Artikel 16: De kantoorhoudende gemeente

  • 1.

    De administratieve voorbereiding en afhandeling van zaken het lichaam betreffende vindt plaats bij de gemeente Terneuzen.

  • 2.

    Ter uitvoering van het vorige lid, wordt tussen het openbaar lichaam en de deelnemer wiens vertegenwoordiger het voorzitterschap van de regeling bekleedt, een overeenkomst gesloten, waarin onder andere een regeling wordt getroffen voor de vergoeding van de door of namens de deelnemer als zodanig voor het openbaar lichaam te maken kosten en voor de wijze, waarop de ambtelijke ondersteuning plaats vindt.

HOOFDSTUK 6: INLICHTINGEN, VERANTWOORDING EN ONTSLAG

Artikel 17: Intern

  • 1.

    De leden van het dagelijks bestuur zijn, samen en ieder afzonderlijk, aan het algemeen bestuur verantwoording verschuldigd voor het door hen gevoerde bestuur.

  • 2.

    Zij geven ongevraagd aan het algemeen bestuur alle informatie die voor een juiste beoordeling van het door het dagelijks bestuur te voeren en gevoerde bestuur nodig is.

  • 3.

    Zij geven samen, dan wel afzonderlijk, aan het algemeen bestuur, wanneer dit bestuur of een of meer leden daarvan hierom verzoeken, alle gevraagde inlichtingen.

  • 4.

    Een lid van het dagelijks bestuur kan door het algemeen bestuur worden ontslagen, als dit lid niet meer het vertrouwen van het algemeen bestuur bezit. In dit geval is het bepaalde in artikel 49 en verder van de Gemeentewet van overeenkomstige toepassing.

  • 5.

    De leden 1 tot en met 4 zijn van overeenkomstige toepassing op de voorzitter voor het door hem gevoerde bestuur.

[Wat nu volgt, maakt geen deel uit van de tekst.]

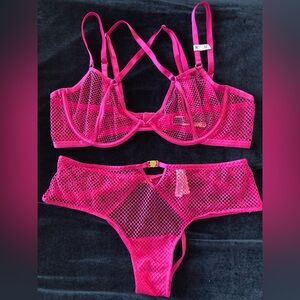 Victoria’s Secret XL VERY SEXY Pink Fishnet Low Cut Demi Spilt Cup Bra Panty Set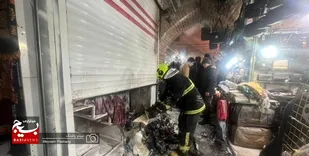 آتش&zwnj;سوزی یک باب مغازه بازار قیصریه اردبیل مهار شد
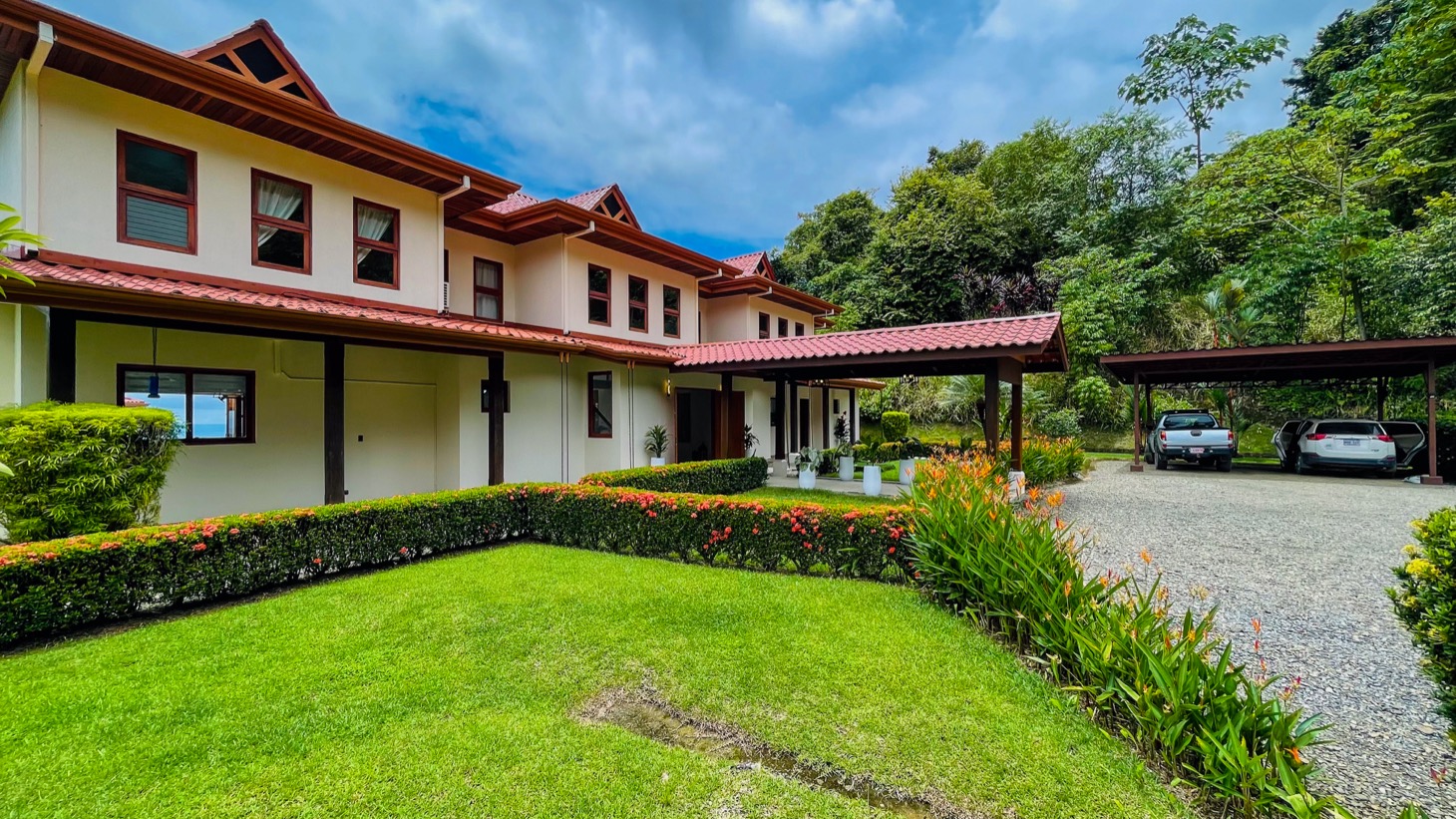 Luxury Ocean View Estate in Ojochal, Costa Rica — 6-Suite Home with Infinity Pool, Ideal for Wellness Retreats or Boutique B&B selected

Artikel 18: Informatieverstrekking door het algemeen en dagelijks bestuur

  • 1.

    Het algemeen en het dagelijks bestuur geven aan de raden van de deelnemende gemeenten ongevraagd alle informatie die voor een juiste beoordeling van het door het bestuur gevoerde en te voeren beleid nodig is.

  • 2.

    Het algemeen en het dagelijks bestuur verstrekken aan de raden van de deelnemende gemeenten alle inlichtingen die door een of meer raden worden verlangd.

  • 3.

    Die informatie wordt in dat geval ook verstrekt aan de overige raden.

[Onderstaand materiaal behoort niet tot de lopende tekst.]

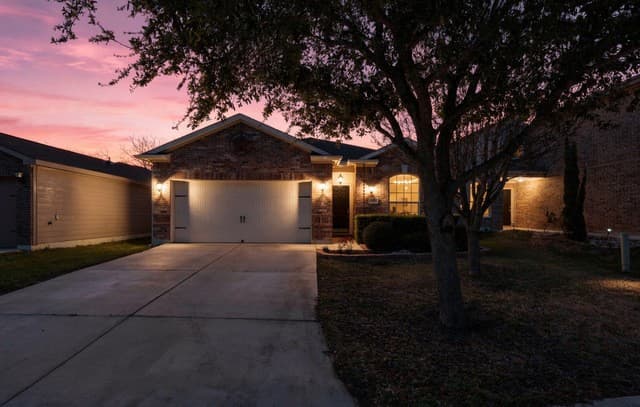 3-bedroom rental at 11647 Luckey Ledge in San Antonio, TX — photo 1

Artikel 19: Informatieverstrekking door individuele leden van het algemeen bestuur

  • 1.

    Een lid of een plaatsvervangend lid van het algemeen bestuur is aan de raad door wie hij is benoemd, met inachtneming van het bepaalde in artikel 16 Wgr, verantwoording verschuldigd voor het door hem in dat bestuur gevoerde beleid en wel op de in het reglement van orde voor de vergaderingen van de raad aangegeven wijze.

  • 2.

    Een lid of een plaatsvervangend lid van het algemeen bestuur kan door de raad waarbinnen dit lid functioneert, worden ontslagen, indien dit lid niet meer het vertrouwen van de raad bezit. Op het ontslagbesluit is artikel 8:1 van de Algemene wet bestuursrecht van toepassing.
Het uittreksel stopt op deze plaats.